What comes to mind when you think of a college student? Many might picture a 20-year-old discovering who they are and exactly what they’ll be doing after graduation.
While that may seem to be a typical college student, not every degree-seeker at MTSU fits that mold. Take Chuck Searles and his daughter, Madisyn, of Thompson Station, Tennessee, for instance.
Chuck is enrolled at MTSU and finishing up his bachelor’s degree after spending more than 18 years at Nissan North America and the eight years before that as a technician for a Nissan dealership. Until enrolling at MTSU in 2019, Chuck had not taken a college course since 1992.
Madisyn, who is a senior at Independence High School, will soon take her first college class as a part of MTSU’s Dual Enrollment Program. With dual enrollment, students can earn both high school and college credit hours from the same class.
Both Chuck and Madisyn light up when talking about each other. Both find the whole in-school-at-the-same-time situation kind of neat.
“It’s really cool from a parent’s perspective,” Chuck said. “I’m learning a ton, and the fact that the oldest and the youngest in the family are earning college credit at the same place is highly unusual, but it’s incredibly fun.”
Chuck is enrolled in MTSU’s Applied Leadership Program and has taken three classes so far. He says going back to school as an adult comes with its challenges, but the biggest “win” for him is applying what he is learning in class immediately when he gets to work.
“Instead of not having a lot of experience and then thinking ‘I can use this in the future,’ I can put this in the application right now,” he said.
Madisyn’s dual enrollment class is in digital arts. She said she became interested in that field because of her sister, who is a senior animation major at another university.
“We like to draw together, and she really awakened my interest in art,” she said as her dad scrolled through photos of her artwork on his phone.
She also gave a shout-out to her digital arts and design teacher at Independence, Stephanie Prewitt, for really stoking her love for art and design.
“She really pushes her students to go beyond the assignments,” Madisyn said. “ I like using Photoshop to draw, and I dabble in After Effects for animation, and I enjoy all of it because at Independence they make you do it all so you leave there more experienced.”
Chuck Searles and other students in the Applied Leadership Program can finish most of their courses online, but there are four separate weeklong intensives that meet on campus. Chuck said he was relieved to find other adults going back to school at similar points in their professional lives.

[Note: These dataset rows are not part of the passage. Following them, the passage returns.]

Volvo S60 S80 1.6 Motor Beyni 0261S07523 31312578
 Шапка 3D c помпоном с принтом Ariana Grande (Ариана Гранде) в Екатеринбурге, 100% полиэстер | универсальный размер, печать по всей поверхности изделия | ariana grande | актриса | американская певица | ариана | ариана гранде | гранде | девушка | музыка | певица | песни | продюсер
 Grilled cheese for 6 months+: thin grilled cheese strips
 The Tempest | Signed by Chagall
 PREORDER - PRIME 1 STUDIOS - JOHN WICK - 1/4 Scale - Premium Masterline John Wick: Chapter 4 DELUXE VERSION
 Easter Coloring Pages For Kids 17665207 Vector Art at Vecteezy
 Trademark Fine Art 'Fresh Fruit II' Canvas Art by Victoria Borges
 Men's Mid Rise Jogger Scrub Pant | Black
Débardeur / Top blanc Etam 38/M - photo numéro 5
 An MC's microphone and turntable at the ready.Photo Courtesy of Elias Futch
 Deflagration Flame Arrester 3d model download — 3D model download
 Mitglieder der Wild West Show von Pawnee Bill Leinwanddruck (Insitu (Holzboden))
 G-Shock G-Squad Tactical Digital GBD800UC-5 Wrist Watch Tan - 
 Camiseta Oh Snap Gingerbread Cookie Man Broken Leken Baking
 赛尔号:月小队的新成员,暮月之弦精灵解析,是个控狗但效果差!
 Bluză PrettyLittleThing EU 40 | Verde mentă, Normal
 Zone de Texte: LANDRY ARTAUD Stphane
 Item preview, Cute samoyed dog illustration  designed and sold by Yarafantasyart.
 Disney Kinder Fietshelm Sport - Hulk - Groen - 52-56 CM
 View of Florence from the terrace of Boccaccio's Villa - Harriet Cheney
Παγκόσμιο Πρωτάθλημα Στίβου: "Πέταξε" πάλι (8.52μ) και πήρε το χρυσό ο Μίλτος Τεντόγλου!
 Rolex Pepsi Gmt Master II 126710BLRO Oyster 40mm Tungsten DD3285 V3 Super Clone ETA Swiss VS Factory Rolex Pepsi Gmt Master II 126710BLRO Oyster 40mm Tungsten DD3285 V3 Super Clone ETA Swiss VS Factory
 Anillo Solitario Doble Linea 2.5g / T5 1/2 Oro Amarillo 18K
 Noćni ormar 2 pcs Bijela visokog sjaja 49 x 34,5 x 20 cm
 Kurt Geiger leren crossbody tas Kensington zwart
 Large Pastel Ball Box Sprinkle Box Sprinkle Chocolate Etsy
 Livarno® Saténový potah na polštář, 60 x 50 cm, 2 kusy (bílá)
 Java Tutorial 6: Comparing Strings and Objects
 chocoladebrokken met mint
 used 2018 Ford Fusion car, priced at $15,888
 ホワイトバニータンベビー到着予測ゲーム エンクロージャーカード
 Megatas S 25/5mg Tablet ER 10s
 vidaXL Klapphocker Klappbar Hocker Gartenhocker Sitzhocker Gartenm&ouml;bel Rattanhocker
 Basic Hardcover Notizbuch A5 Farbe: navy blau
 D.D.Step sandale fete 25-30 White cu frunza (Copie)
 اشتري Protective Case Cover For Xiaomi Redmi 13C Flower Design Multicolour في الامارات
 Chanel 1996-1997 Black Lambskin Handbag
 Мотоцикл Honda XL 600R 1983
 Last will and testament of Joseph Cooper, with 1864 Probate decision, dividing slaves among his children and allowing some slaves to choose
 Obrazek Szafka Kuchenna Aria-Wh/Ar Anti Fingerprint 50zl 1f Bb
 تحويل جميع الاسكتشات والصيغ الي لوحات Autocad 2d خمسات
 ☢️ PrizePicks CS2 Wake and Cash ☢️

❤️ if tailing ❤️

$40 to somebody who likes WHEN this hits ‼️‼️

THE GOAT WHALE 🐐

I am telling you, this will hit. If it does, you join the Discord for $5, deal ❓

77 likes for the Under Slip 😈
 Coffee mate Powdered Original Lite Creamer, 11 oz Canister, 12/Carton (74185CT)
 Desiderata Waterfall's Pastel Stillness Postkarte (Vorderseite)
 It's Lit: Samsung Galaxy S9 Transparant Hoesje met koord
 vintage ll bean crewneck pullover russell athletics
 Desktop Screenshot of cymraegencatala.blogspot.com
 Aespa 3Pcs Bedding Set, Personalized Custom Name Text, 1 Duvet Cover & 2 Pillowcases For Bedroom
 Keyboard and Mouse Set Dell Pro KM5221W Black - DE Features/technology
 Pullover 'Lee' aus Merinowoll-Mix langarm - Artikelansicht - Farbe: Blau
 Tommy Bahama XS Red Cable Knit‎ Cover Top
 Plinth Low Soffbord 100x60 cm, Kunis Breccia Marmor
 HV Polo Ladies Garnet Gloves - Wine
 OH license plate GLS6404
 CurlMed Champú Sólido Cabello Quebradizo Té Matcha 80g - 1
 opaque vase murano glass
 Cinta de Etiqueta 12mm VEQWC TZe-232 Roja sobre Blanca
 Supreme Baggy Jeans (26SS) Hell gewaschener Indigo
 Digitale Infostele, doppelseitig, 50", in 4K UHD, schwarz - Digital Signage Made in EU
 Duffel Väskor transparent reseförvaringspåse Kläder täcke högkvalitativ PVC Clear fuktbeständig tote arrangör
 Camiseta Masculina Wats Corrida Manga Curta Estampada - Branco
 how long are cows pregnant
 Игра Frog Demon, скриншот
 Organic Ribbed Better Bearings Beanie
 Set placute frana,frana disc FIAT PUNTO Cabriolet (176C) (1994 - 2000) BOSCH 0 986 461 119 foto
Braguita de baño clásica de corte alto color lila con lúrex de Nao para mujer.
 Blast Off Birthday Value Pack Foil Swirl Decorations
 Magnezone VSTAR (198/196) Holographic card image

“I think what’s really great about the Applied Leadership intensives is that the students are adult learners and they have a lot of work experience,” he said. “And when you are put in the situations in class to come up with solutions or you are working on case studies, there are a variety of solutions from everyone because their backgrounds are so different. And all those different potential solutions … they all work!”
Both Madisyn and Chuck say they’re excited about what’s next in their respective collegiate journeys. Madisyn will be finishing up high school and getting a jump-start on her college courses, and Chuck hopes to finish his degree within the next year.
Madisyn agreed with her dad that going to the same school is fun, but she admitted that she’s relieved they won’t be passing each other on campus on a regular basis.
“It’s funny that we both got the opportunity to go here, but neither of us is at the normal college age.”